Im Berichtszeitraum gab es eine Reihe von Neuregelungen und Reformmaßnahmen in diesem Bereich wie etwa die
Einführung der Pensionskonto-Erstgutschrift, die Verschärfung der Anspruchsvoraussetzungen für vorzeitige
Alterspensionen wegen langer Versicherungsdauer und Korridorpensionen oder die Abschaffung der befristeten Invaliditätspensionen
für Geburtsjahrgänge ab 1964 bei gleichzeitiger Einführung eines Rehabilitations- und eines Umschulungsgeldes.

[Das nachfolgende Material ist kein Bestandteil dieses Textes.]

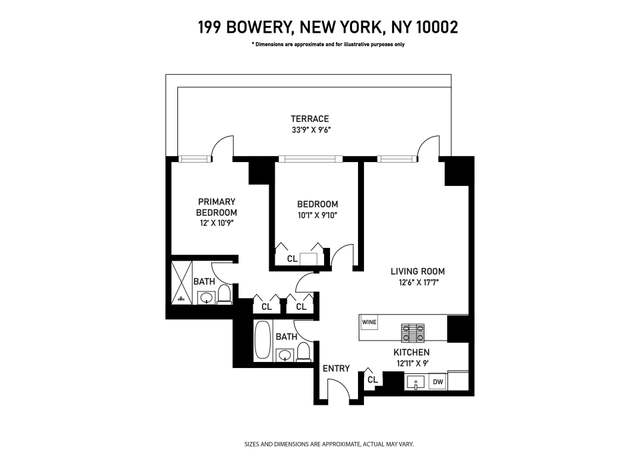 Property at 199 Bowery Unit 2D, New York City, NY 10003, 2 beds, 2 baths
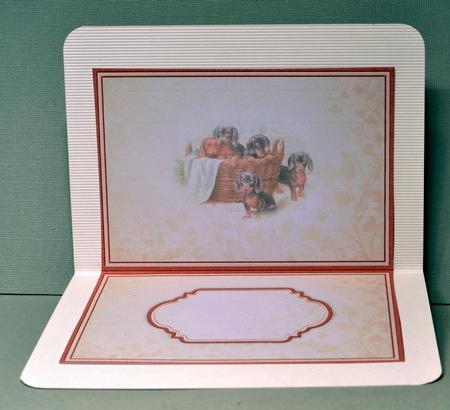 Insert for Puppy Basket Decoupage Sheet by Kristina Norbat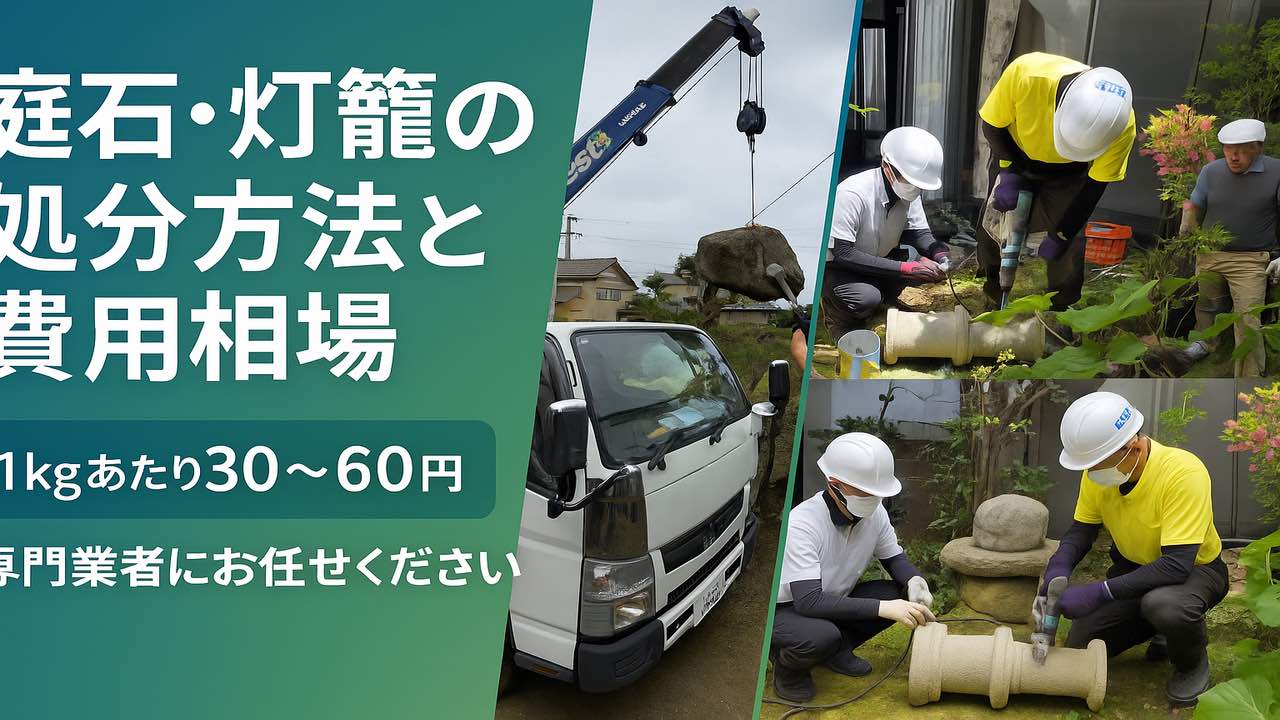 庭石・灯籠の処分方法まとめ】費用相場から買取、供養まで徹底解説 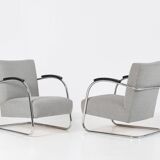 Set of 2 cantilever armchairs from Mucke & Melder, 30's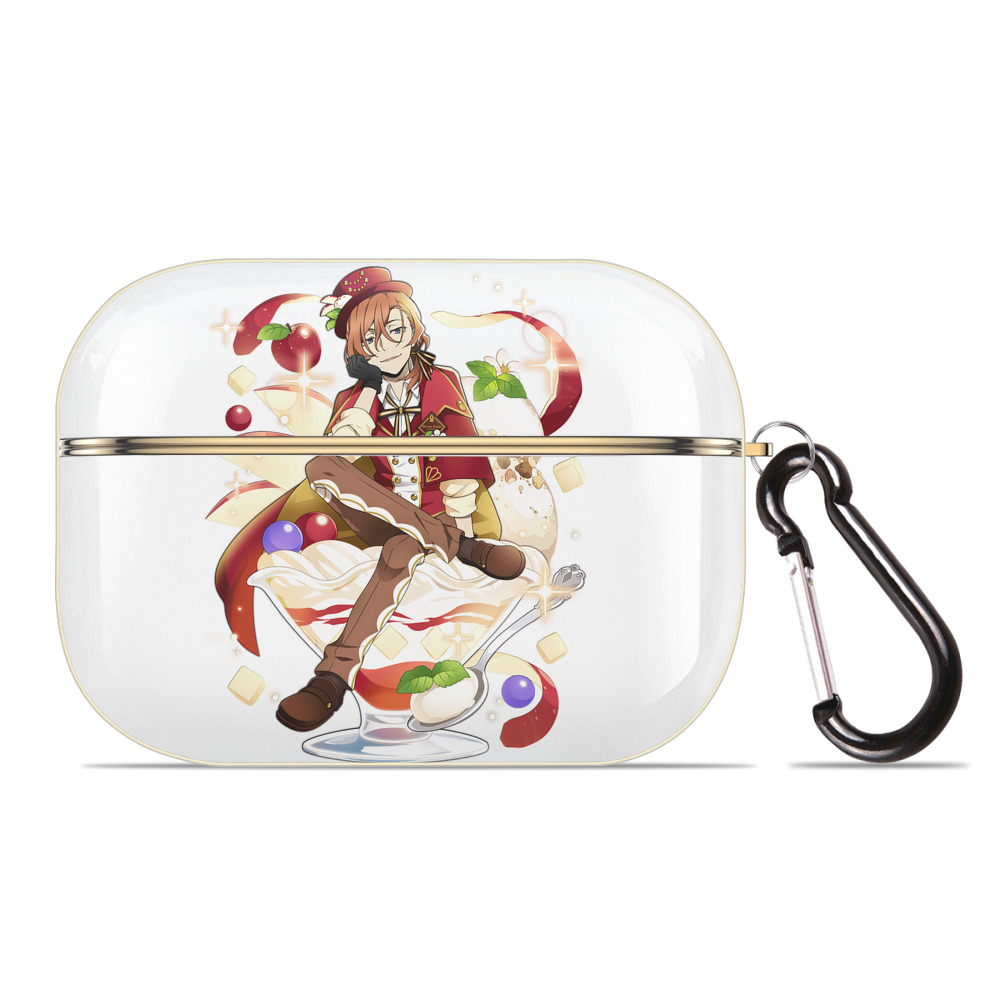 （画像用） 文豪ストレイドッグス Bungo Stray Dogs 【AirPods Pro用】ハードシェル保護ケース｜耐衝撃・防指紋・カラビナ付き商品仕様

Rückläufige Lohnquote und zunehmende Belastung der Einkommen aus Arbeit
Der zweite Teil des Berichts enthält eine Reihe von sozialpolitischen Analysen, die einen detaillierteren
Einblick in die aktuellen gesellschaftlichen Rahmenbedingungen und die Lebenssituation der österreichischen
Bevölkerung gewähren. Einer der Aspekte, der genauer untersucht wurde, war die Entwicklung und Verteilung
der Einkommen. So wurde etwa festgestellt, dass seit drei Jahrzehnten die Unternehmens- und Vermögenseinkommen
fast durchgehend jedes Jahr stärker angestiegen sind als die Einkommen aus Arbeit. Auch die Abgabenbelastung
auf Arbeitseinkommen ist wesentlich höher als jene auf Unternehmens- und Vermögenseinkommen; und diese
Differenz hat sich seit 1995 noch verstärkt.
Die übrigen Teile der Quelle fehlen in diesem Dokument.